We describe the processing of the PHANGS-ALMA survey and present the
PHANGS-ALMA pipeline, a public software package that processes calibrated
interferometric and total power data into science-ready data products.
PHANGS-ALMA is a large, high-resolution survey of CO J=2-1 emission from nearby
galaxies. The observations combine ALMA's main 12-m array, the 7-m array, and
total power observations and use mosaics of dozens to hundreds of individual
pointings. We describe the processing of the u-v data, imaging and
deconvolution, linear mosaicking, combining interferometer and total power
data, noise estimation, masking, data product creation, and quality assurance.
Our pipeline has a general design and can also be applied to VLA and ALMA
observations of other spectral lines and continuum emission. We highlight our
recipe for deconvolution of complex spectral line observations, which combines
multiscale clean, single scale clean, and automatic mask generation in a way
that appears robust and effective. We also emphasize our two-track approach to
masking and data product creation. We construct one set of "broadly masked"

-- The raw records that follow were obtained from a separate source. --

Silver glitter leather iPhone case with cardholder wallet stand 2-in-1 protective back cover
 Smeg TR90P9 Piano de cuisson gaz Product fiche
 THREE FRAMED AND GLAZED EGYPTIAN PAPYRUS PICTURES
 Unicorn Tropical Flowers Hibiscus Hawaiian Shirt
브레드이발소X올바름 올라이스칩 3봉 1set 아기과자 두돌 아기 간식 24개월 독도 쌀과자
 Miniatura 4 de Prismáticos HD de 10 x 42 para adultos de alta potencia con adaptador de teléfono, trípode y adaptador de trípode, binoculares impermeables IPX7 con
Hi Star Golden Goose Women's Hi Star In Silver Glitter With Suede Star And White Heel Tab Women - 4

data products, which have high completeness but significant contamination by
noise, and another set of "strictly masked" data products, which have high
confidence but exclude faint, low signal-to-noise emission. Our quality
assurance tests, supported by simulations, demonstrate that 12-m+7-m
deconvolved data recover a total flux that is significantly closer to the total
power flux than the 7-m deconvolved data alone. In the appendices, we measure
the stability of the ALMA total power calibration in PHANGS--ALMA and test the
performance of popular short-spacing correction algorithms.